Problem to solve. From the first line to the last, give the records again exactly.

[Data extracted from a collection]
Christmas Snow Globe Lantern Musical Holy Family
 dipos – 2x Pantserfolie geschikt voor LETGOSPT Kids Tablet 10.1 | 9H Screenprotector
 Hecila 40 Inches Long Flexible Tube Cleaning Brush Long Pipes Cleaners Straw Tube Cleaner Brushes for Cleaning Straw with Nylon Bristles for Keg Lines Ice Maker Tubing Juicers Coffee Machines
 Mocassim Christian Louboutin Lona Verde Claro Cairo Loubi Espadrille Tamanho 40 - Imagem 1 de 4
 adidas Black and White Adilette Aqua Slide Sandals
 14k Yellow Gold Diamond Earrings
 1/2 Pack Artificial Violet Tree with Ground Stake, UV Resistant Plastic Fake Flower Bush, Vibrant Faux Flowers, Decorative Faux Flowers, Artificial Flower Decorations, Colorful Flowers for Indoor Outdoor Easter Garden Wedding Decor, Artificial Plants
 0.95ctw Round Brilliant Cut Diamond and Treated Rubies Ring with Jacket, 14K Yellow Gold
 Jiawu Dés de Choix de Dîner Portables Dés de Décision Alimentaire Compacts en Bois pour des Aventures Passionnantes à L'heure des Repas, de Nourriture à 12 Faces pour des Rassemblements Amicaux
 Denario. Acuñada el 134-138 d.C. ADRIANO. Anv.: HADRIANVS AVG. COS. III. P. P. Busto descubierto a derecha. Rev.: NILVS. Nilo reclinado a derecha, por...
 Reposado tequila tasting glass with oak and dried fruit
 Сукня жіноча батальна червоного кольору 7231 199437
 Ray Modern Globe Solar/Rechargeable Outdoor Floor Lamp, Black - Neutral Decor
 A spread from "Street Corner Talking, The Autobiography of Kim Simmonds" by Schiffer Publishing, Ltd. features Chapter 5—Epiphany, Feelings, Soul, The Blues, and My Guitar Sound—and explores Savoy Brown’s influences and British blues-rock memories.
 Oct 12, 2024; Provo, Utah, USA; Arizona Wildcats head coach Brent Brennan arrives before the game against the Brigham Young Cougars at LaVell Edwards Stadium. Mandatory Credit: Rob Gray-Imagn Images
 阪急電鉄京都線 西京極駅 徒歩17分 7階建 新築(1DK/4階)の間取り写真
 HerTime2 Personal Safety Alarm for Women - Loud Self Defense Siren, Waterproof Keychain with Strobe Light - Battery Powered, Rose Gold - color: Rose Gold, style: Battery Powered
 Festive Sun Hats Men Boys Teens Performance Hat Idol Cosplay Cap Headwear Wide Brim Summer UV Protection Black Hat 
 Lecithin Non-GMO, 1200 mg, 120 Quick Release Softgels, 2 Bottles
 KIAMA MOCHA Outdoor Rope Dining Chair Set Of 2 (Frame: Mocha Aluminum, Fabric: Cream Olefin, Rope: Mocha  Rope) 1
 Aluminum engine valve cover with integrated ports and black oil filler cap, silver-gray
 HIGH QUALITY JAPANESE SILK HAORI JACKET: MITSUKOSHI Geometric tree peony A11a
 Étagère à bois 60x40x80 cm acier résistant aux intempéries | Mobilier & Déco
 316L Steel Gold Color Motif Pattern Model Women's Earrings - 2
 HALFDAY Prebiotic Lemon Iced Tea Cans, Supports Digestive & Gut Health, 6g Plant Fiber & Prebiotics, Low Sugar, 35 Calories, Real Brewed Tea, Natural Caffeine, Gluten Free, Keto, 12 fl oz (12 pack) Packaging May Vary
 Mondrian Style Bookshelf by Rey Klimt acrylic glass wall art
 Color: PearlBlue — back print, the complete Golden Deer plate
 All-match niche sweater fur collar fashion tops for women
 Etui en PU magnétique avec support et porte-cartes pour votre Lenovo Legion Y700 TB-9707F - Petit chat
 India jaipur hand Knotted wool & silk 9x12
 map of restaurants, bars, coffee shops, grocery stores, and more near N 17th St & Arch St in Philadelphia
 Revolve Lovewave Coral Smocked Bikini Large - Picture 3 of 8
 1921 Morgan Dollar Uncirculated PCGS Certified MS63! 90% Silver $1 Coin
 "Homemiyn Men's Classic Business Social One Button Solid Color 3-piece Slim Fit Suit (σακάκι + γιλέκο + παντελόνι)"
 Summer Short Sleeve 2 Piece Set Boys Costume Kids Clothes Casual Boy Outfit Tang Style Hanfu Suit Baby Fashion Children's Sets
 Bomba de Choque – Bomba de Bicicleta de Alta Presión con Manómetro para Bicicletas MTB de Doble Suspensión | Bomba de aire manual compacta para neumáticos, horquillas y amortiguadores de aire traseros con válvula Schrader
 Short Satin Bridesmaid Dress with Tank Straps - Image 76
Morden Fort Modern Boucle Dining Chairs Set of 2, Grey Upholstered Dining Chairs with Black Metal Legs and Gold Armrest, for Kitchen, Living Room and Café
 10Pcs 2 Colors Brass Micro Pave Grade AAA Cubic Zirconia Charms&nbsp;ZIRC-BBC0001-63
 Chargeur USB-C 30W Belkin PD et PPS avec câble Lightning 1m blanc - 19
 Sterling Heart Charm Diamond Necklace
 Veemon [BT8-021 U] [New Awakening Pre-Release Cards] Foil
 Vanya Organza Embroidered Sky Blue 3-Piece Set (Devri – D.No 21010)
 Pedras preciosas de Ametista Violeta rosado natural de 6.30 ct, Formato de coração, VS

Solution for this task.
Christmas Snow Globe Lantern Musical Holy Family
 dipos – 2x Pantserfolie geschikt voor LETGOSPT Kids Tablet 10.1 | 9H Screenprotector
 Hecila 40 Inches Long Flexible Tube Cleaning Brush Long Pipes Cleaners Straw Tube Cleaner Brushes for Cleaning Straw with Nylon Bristles for Keg Lines Ice Maker Tubing Juicers Coffee Machines
 Mocassim Christian Louboutin Lona Verde Claro Cairo Loubi Espadrille Tamanho 40 - Imagem 1 de 4
 adidas Black and White Adilette Aqua Slide Sandals
 14k Yellow Gold Diamond Earrings
 1/2 Pack Artificial Violet Tree with Ground Stake, UV Resistant Plastic Fake Flower Bush, Vibrant Faux Flowers, Decorative Faux Flowers, Artificial Flower Decorations, Colorful Flowers for Indoor Outdoor Easter Garden Wedding Decor, Artificial Plants
 0.95ctw Round Brilliant Cut Diamond and Treated Rubies Ring with Jacket, 14K Yellow Gold
 Jiawu Dés de Choix de Dîner Portables Dés de Décision Alimentaire Compacts en Bois pour des Aventures Passionnantes à L'heure des Repas, de Nourriture à 12 Faces pour des Rassemblements Amicaux
 Denario. Acuñada el 134-138 d.C. ADRIANO. Anv.: HADRIANVS AVG. COS. III. P. P. Busto descubierto a derecha. Rev.: NILVS. Nilo reclinado a derecha, por...
 Reposado tequila tasting glass with oak and dried fruit
 Сукня жіноча батальна червоного кольору 7231 199437
 Ray Modern Globe Solar/Rechargeable Outdoor Floor Lamp, Black - Neutral Decor
 A spread from "Street Corner Talking, The Autobiography of Kim Simmonds" by Schiffer Publishing, Ltd. features Chapter 5—Epiphany, Feelings, Soul, The Blues, and My Guitar Sound—and explores Savoy Brown’s influences and British blues-rock memories.
 Oct 12, 2024; Provo, Utah, USA; Arizona Wildcats head coach Brent Brennan arrives before the game against the Brigham Young Cougars at LaVell Edwards Stadium. Mandatory Credit: Rob Gray-Imagn Images
 阪急電鉄京都線 西京極駅 徒歩17分 7階建 新築(1DK/4階)の間取り写真
 HerTime2 Personal Safety Alarm for Women - Loud Self Defense Siren, Waterproof Keychain with Strobe Light - Battery Powered, Rose Gold - color: Rose Gold, style: Battery Powered
 Festive Sun Hats Men Boys Teens Performance Hat Idol Cosplay Cap Headwear Wide Brim Summer UV Protection Black Hat 
 Lecithin Non-GMO, 1200 mg, 120 Quick Release Softgels, 2 Bottles
 KIAMA MOCHA Outdoor Rope Dining Chair Set Of 2 (Frame: Mocha Aluminum, Fabric: Cream Olefin, Rope: Mocha  Rope) 1
 Aluminum engine valve cover with integrated ports and black oil filler cap, silver-gray
 HIGH QUALITY JAPANESE SILK HAORI JACKET: MITSUKOSHI Geometric tree peony A11a
 Étagère à bois 60x40x80 cm acier résistant aux intempéries | Mobilier & Déco
 316L Steel Gold Color Motif Pattern Model Women's Earrings - 2
 HALFDAY Prebiotic Lemon Iced Tea Cans, Supports Digestive & Gut Health, 6g Plant Fiber & Prebiotics, Low Sugar, 35 Calories, Real Brewed Tea, Natural Caffeine, Gluten Free, Keto, 12 fl oz (12 pack) Packaging May Vary
 Mondrian Style Bookshelf by Rey Klimt acrylic glass wall art
 Color: PearlBlue — back print, the complete Golden Deer plate
 All-match niche sweater fur collar fashion tops for women
 Etui en PU magnétique avec support et porte-cartes pour votre Lenovo Legion Y700 TB-9707F - Petit chat
 India jaipur hand Knotted wool & silk 9x12
 map of restaurants, bars, coffee shops, grocery stores, and more near N 17th St & Arch St in Philadelphia
 Revolve Lovewave Coral Smocked Bikini Large - Picture 3 of 8
 1921 Morgan Dollar Uncirculated PCGS Certified MS63! 90% Silver $1 Coin
 "Homemiyn Men's Classic Business Social One Button Solid Color 3-piece Slim Fit Suit (σακάκι + γιλέκο + παντελόνι)"
 Summer Short Sleeve 2 Piece Set Boys Costume Kids Clothes Casual Boy Outfit Tang Style Hanfu Suit Baby Fashion Children's Sets
 Bomba de Choque – Bomba de Bicicleta de Alta Presión con Manómetro para Bicicletas MTB de Doble Suspensión | Bomba de aire manual compacta para neumáticos, horquillas y amortiguadores de aire traseros con válvula Schrader
 Short Satin Bridesmaid Dress with Tank Straps - Image 76
Morden Fort Modern Boucle Dining Chairs Set of 2, Grey Upholstered Dining Chairs with Black Metal Legs and Gold Armrest, for Kitchen, Living Room and Café
 10Pcs 2 Colors Brass Micro Pave Grade AAA Cubic Zirconia Charms&nbsp;ZIRC-BBC0001-63
 Chargeur USB-C 30W Belkin PD et PPS avec câble Lightning 1m blanc - 19
 Sterling Heart Charm Diamond Necklace
 Veemon [BT8-021 U] [New Awakening Pre-Release Cards] Foil
 Vanya Organza Embroidered Sky Blue 3-Piece Set (Devri – D.No 21010)
 Pedras preciosas de Ametista Violeta rosado natural de 6.30 ct, Formato de coração, VS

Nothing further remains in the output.